El 27 de noviembre de 2022 es ya una fecha estelar del movimiento social encabezado por uno de los mayores líderes políticos mexicanos desde el general Cárdenas. En medio de la algarabía, la Cuarta Transformación adquiere nombre, marca linderos y refrenda su ruta. La marcha a la que fuimos “acarreados” reitera los principios fundacionales del obradorismo y, anticipando la sucesión presidencial, reafirma los límites del movimiento: no mentir, no robar, no traicionar al pueblo, ese pueblo que bailó, cantó, marchó y hasta lloró porque sabe que tiene en sus manos su presente y su futuro. Constituimos un gobierno popular y sólo ese camino tiene viabilidad frente al poder oligárquico.
Andrés Manuel López Obrador vuelve a mostrar su astucia y su destreza política. Con una legitimidad a toda prueba, relanzó la iniciativa de reforma política al inicio del último tercio de su mandato, a sabiendas de que tendría pocas posibilidades de prosperar, pero obligó a la oposición en su conjunto a exhibir su total dehonestidad. Los forzó a mostrarse burdamente, frente a todo el país y acelerar la carrera por la candidatura opositora. Saben que ir aislados es la muerte; juntos, la agonía, pero algo es algo. Desde izquierdistas impolutos y respetables académicos hasta el Padre de Nuestra Intocable Transición, todos se presentaron dispuestos a aliarse sin tapujos con delincuentes partidistas para cerrar filas en torno un régimen de privilegios y corrupción, representado por un junior oligarca. Robaban pero salpicaban parecen decir sin rubor. Se respaldan en un sector de la sociedad que se mostró claramente individualista, desinformado y profundamente racista, que se movilizó en contra del proyecto de Nación que percibe como amenaza, aunque no tenga claro porqué, como lo mostraron la mayoria de los testimonios recogidos en su marcha.
Frente a ello, la marcha del 27 no fue una simple demostración de fuerza, aunque lo haya sido y haya sido necesaria como tal. Es la reivindicación del proyecto por el que la gran mayoría votó en 2018, pero también, para muchos, del proyecto de 1988, del 94 y el 2000; del proyecto que se reconoció a sí mismo en su dimensión y potencial durante el plantón de 2006, que lo reiteró en 2012 y, finalmente, que lo hizo nacer en 2018.
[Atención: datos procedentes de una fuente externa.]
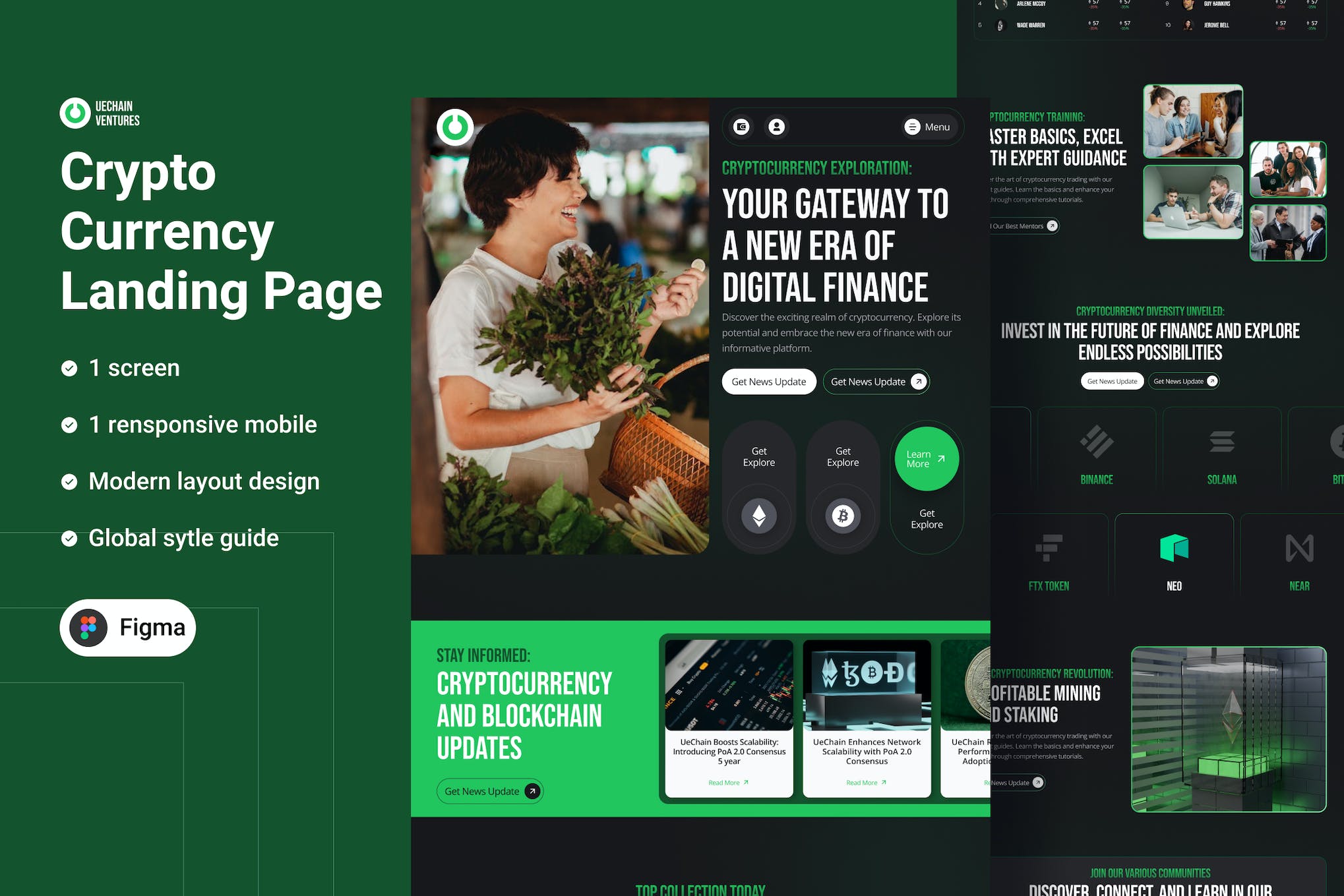 金融行业登录页Web页面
El Presidente sabe que la fuerza de la oposición no está en las calles, porque éstas pertenecen al pueblo. Sabe, también, como lo reitera una y otra vez, que su gobierno se debe al pueblo, al pueblo llano que ha dicho basta, de manera pacífica, con alegría y esperanza. Por eso convocó al pueblo a celebrarse a sí mismo como artífice de esa Cuarta Transformación en marcha y para recordarnos que de nosotros, como pueblo, depende que siga su curso. Llamó a tomar las calles para recordarle a esa oposición que no está frente a un mesías y sus adeptos ignorantes y obtusos.
Por más que sus mercadólogos insistan en denostarnos con toda clase de epítetos, la gente sabe a qué fue y porqué fue. Los testimonios recogidos por millares durante la marcha constatan que hasta el más humilde campesino tiene una idea clara de sus motivos para acudir a la convocatoria del Presidente, sabe que defiende una realidad tangible que ha ganado con su participación y con justeza, a la buena; sabe que acompaña a un gobierno que lo representa y, por supuesto, reconoce y ama a un líder único que reconstruyó a la Nación caminándola a ras de suelo y mirándolo a la cara.
Las mexicanas y los mexicanos hemos sido agraviados, durante toda la vida, por un régimen que por fin vemos decaer. Ni modo de no festejar que somos una comunidad con un anclaje profundo, en el que nos reconocemos como iguales y que emerge con una fuerza que apenas estamos reconociendo entre todos.
Lo que el Presidente propuso este domingo como Humanismo mexicano no es otra cosa que reconocer, reapropiar, reinventar y reencauzar la gran tradición política que nos hace un país único. Decir Cuarta Transformación de la vida pública es una forma de darle nombre a un momento determinante de una historia rica en pensamiento y acción, que ha abrevado en lo que podríamos llamar el humanismo universal, pero elaborado por hombres y mujeres inmersos en la arena política de su tiempo y su lugar; que lucharon contra el Poder y que fueron Poder. No es gratuito que al plantear al humanismo mexicano como definición de lo que con tino llamó su “modelo de gobierno”, comience citando a Publio Terencio y a renglón seguido a Hidalgo, a Madero, a Flores Magón. Es la reinvidicación de la política como servicio y como construcción común, fundada en la justicia, la libertad, la igualdad y la fraternidad. No es sólo una definición teórica, que habrá de pensarse y elaborarse entre todos, sino su expresión concreta en un gobierno que tenga como prioridad el bienestar de todos y con la participación de todos.
No parece haber manera de que un proyecto así, en nuestro país, no comience por beneficiar a los más pobres, quienes siempre han estado en primera fila en las grandes batallas para hacer de México la Nación que nos enorgullece. A cambio, siempre han quedado relegados hasta del derecho al orgullo. Hasta ahora.
Se avecina un momento crítico y quienes pretenden encabezar el relevo tendrán que demostrar día a día de qué están hechos y contribuir con todo el empeño a fortalecer al Presidente en el tramo más complejo de su gobierno. Por más legítimas que sean sus aspiraciones, la prioridad es que este gobierno siga cumpliendo y concluya, como la marcha, por encima de las expectativas. Las posibilidades de consolidar el proyecto de transformación y darle contenido a lo que el Presidente llamó Humanismo mexicano dependerán en gran medida de ello.